Superbowl XXXIX: Break 11
"Roses are Red, Garbage Disposals Are Red After You've Put the Roses Into Them" | "The O.C."
Summary: Many attractive actors and actresses from "The O.C." hit or talk or kiss one another. Someone puts some valentine roses into the garbage disposal.
Garbage disposal: RRRRRRR.
Roses: AAAAAUGH!
GD: RRRRRRRR.
Roses: Waaaaa-haaaaugh!
GD: Ha!
High Point: "Don't miss the last five minutes of last O.C." But the other, like, 55 minutes are cool to miss?
"Don't Fuck with House, He'll Cut You Up" | House
Summary: They call him arrogant, they call him rude, but when a life is on the line, they call him ... House?
Low Point: The intrigue is too much. I'm breaking out in hives. Save me, House, save me!
Will this commercial help fight tyranny?: This commercial invented tyranny.
"Tomorrow" | The NFL Network
Summary: Players from defeated NFL teams lounge on the beach. The band plays a reggae version of "Tomorrow," from "Annie." Then the commercial inexplicably cuts to a bunch of mansions owned by other players, including a player whose male companion is a grotesquely obese viking holding a bag of what commentator Peter Norman described as "non-descript white powder."
High Point: The coked-up Viking.
Low Point: The reminder that reggae music still exists.
Will this commercial help fight tyranny?: Yah, mon. Irie.
"A Man Loves His Dog" | An Airline? Who knows.
Summary: A phone rings at a house. Cut to a businessman, who is calling the house, over and over again, leaving a series of messages updating the seemingly empty house on where he is, on his trip home. Then: It's clear that the messages are for a dog who has been sitting on the couch in defiance of house rules. Cut to shot of airport gate reading: "Gate D-10: A GOOD FACE LICKING."
High Point/Low Point: A GOOD FACE LICKING.

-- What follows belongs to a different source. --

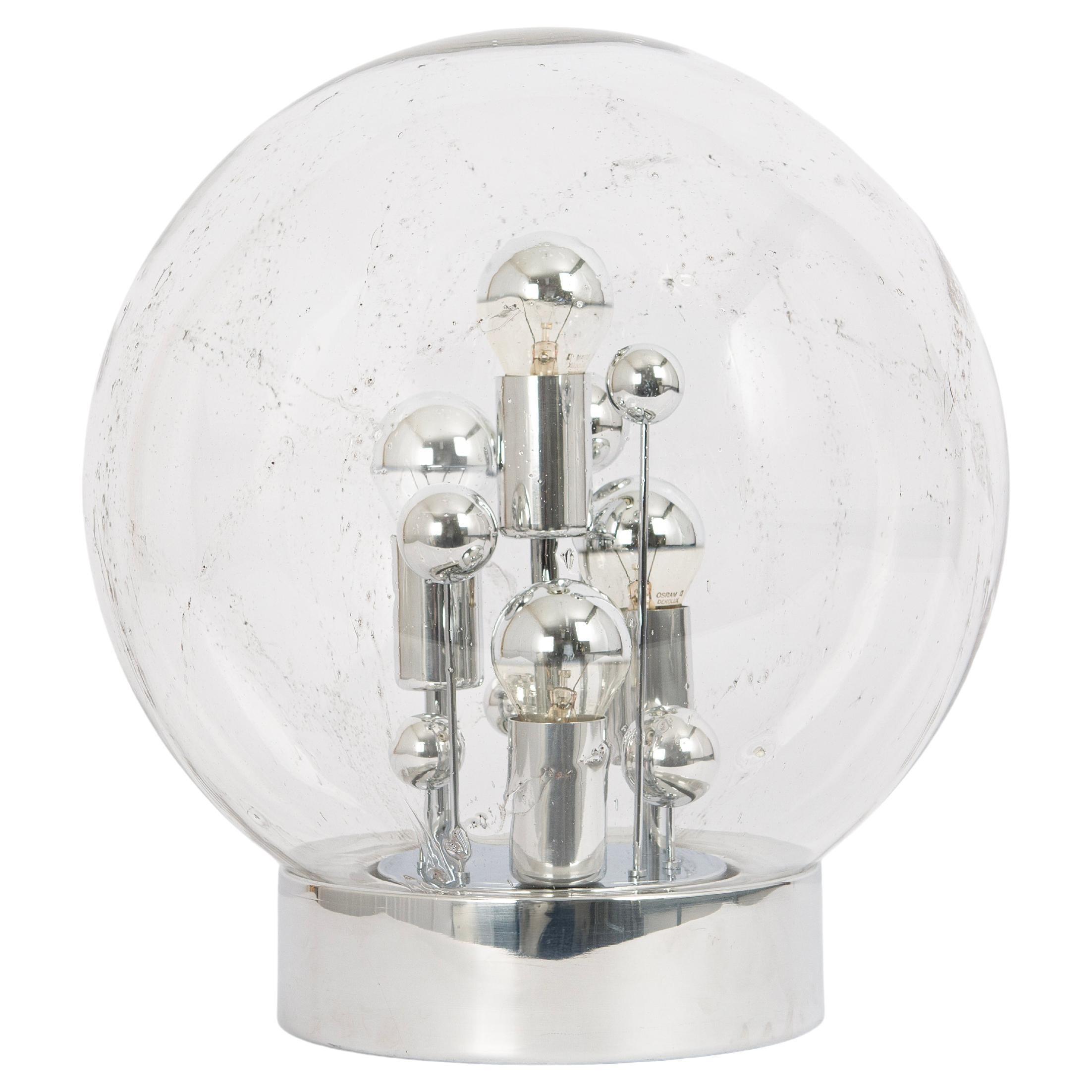 Lampada da tavolo Sputnik Grande Ball  da Doria, Germania, anni '70 in vendita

Will this commercial help fight tyranny?: It will encourage tyrants to destroy the bestio-autocracy known as the United States.
"Hot Beef Injection / No Nissan" | Nissan
Summary: A man asks a woman if the little shit-jalopy parked in her garage is hers, and then fantasizes about it driving faster than 40 mph, weaving into and out of traffic as though it was an actual automobile. She says yes, but adds that they can't drive it on their first date. She then invites him in for coffee, the international phrase signifying an upcoming giving up of the cat.
High Point: The hilarious "Nissan driving fast" dream sequence.
Low Point: The tacit acknowledgement of how little sexual intercourse means to today's young people.
Will this commercial help fight tyranny?: It will embolden it, sir. I am afraid that it will merely embolden it.
"I Heart Mixed Metaphors and Street Drugs!!" | Some bank
Summary: An intense, lonely man wants to trade all day and talk your ear off all night. He wants to "swim in a sea of ATMs." He wants to do everything, now, dammit!
Low Point: This man wants to be your new best friend.
Will this commercial help fight tyranny?: Our intense subject is too high on speed to look up "tyranny."
"Rain" | Cadillacs
Summary: An ugly, ugly Cadillac drives incredibly quickly while getting rained on by slo-mo, spittlesque raindrops. Every year, Cadillac tries to sell its terrible, boxy cars to drunken Super Bowl fans. Every year, the fans clearly reward the strategy enough to make it self-perpetuating.
Other comments: No. Cadillacs look terrible.